Dentre essas questões, sobressaem: a distinção entre educar e instruir; entre “escolas do povo” e
instituições secundárias; ensino “prático” e ensino “científico”; a formação “científica” ou “prática”; a
defesa de um ensino “realista” ou do “ensino literário”.
Em outra esfera, Rui Barbosa, calcado em positivistas, cientificistas e pedagogos da época reuniu
argumentos em favor de um sistema nacional integrado de ensino, do jardim de infância ao superior,
posicionando-se contra a bifurcação do bacharelado literário ou científico, defendendo novas disciplinas
como o desenho, a ginástica e a introdução dos cursos técnicos na formação secundária.

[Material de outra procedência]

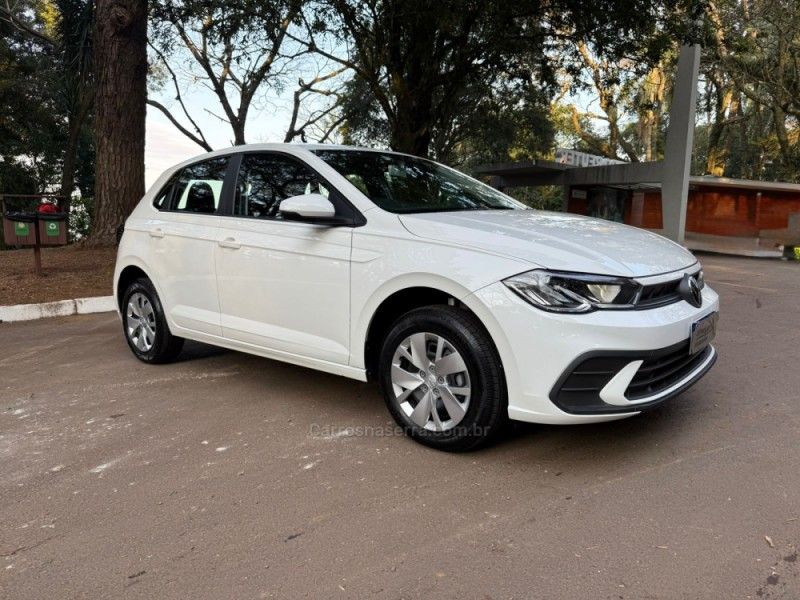VOLKSWAGEN POLO 1.0MPI TOTAL 2023/2024 KASPER VEÍCULOS DOIS IRMÃOS / Carros no Vale
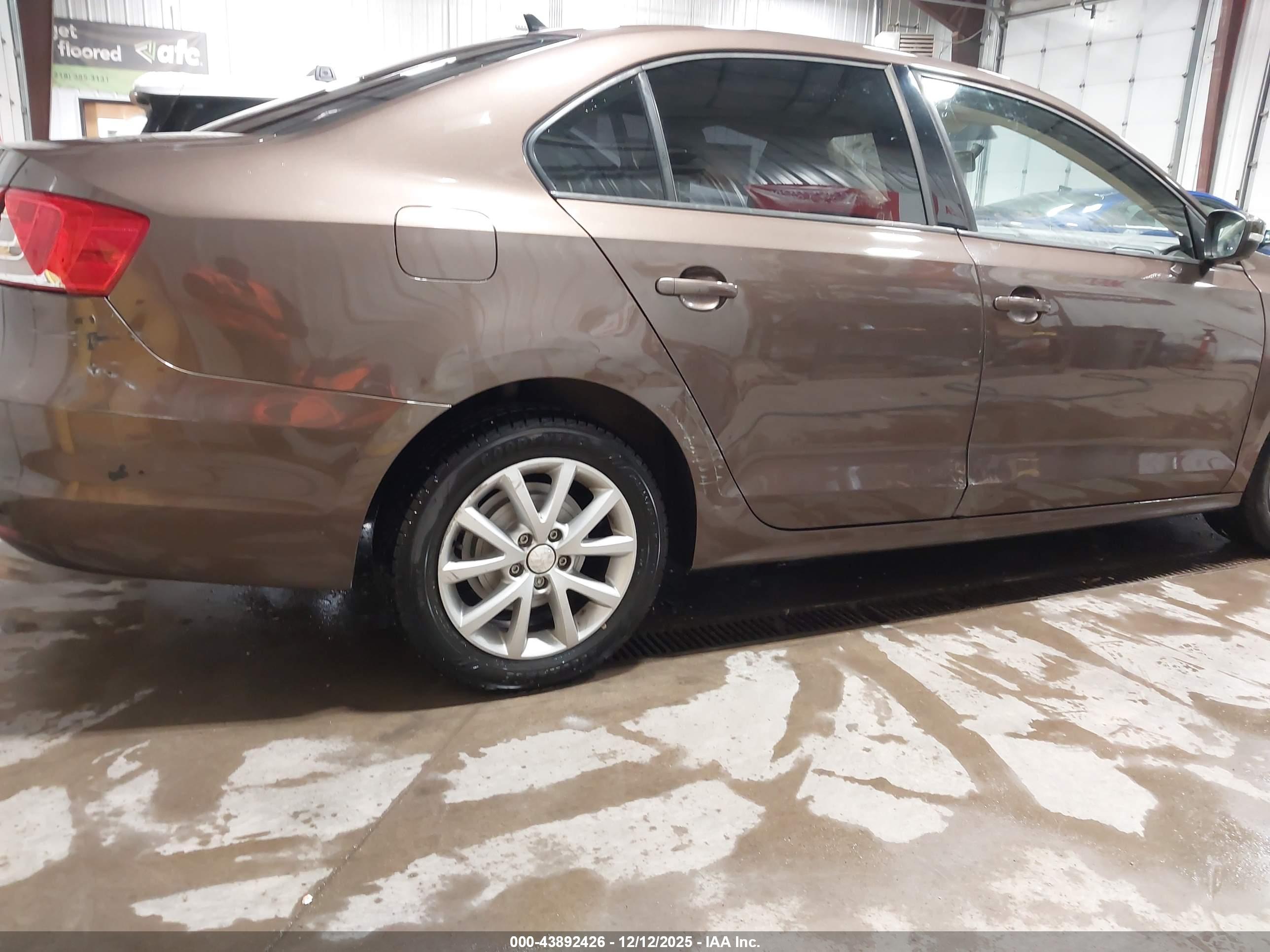 VOLKSWAGEN JETTA image 6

Os Pareceres de Rui foram arquivados, não tendo uso imediato. Entretanto, suas idéias
fundamentaram as discussões do projeto republicano e, segundo seus estudiosos, permaneceram
fermentando o pensamento educacional no Brasil e em Portugal até que eclodissem novamente nas
propostas dos pioneiros da escola nova.
Sobretudo, o que interessou nessa pesquisa foi mapear algumas rotas das idéias pedagógicas que
circularam no Brasil a partir da segunda metade do século XIX e que constituíram a bases de uma
pedagogia nacional. Identificar, por exemplo: com quem dialogavam esses homens? De que autores se
apropriaram para elaborar suas sínteses? Foi possível, então, concluir que no seu papel de divulgadores de
modelos culturais cumpriram a tarefa de multiplicar informações, instigar novos estudos, lançar idéias
para serem confirmadas, ou não, pelas práticas em sua concretude desafiadora. Nessa trajetória foi
importante tentar não enxergá-los como meros transplantadores acríticos de idéias inoperantes, mas como
agentes políticos que participam ativamente da produção de saberes e práticas educacionais. Entendê-los
no seu “ambiente”, temporal e espacial, nos possibilitou flagrá-los como construtores de uma nova
mentalidade pedagógica que se instaurava no Brasil na transição para um novo século.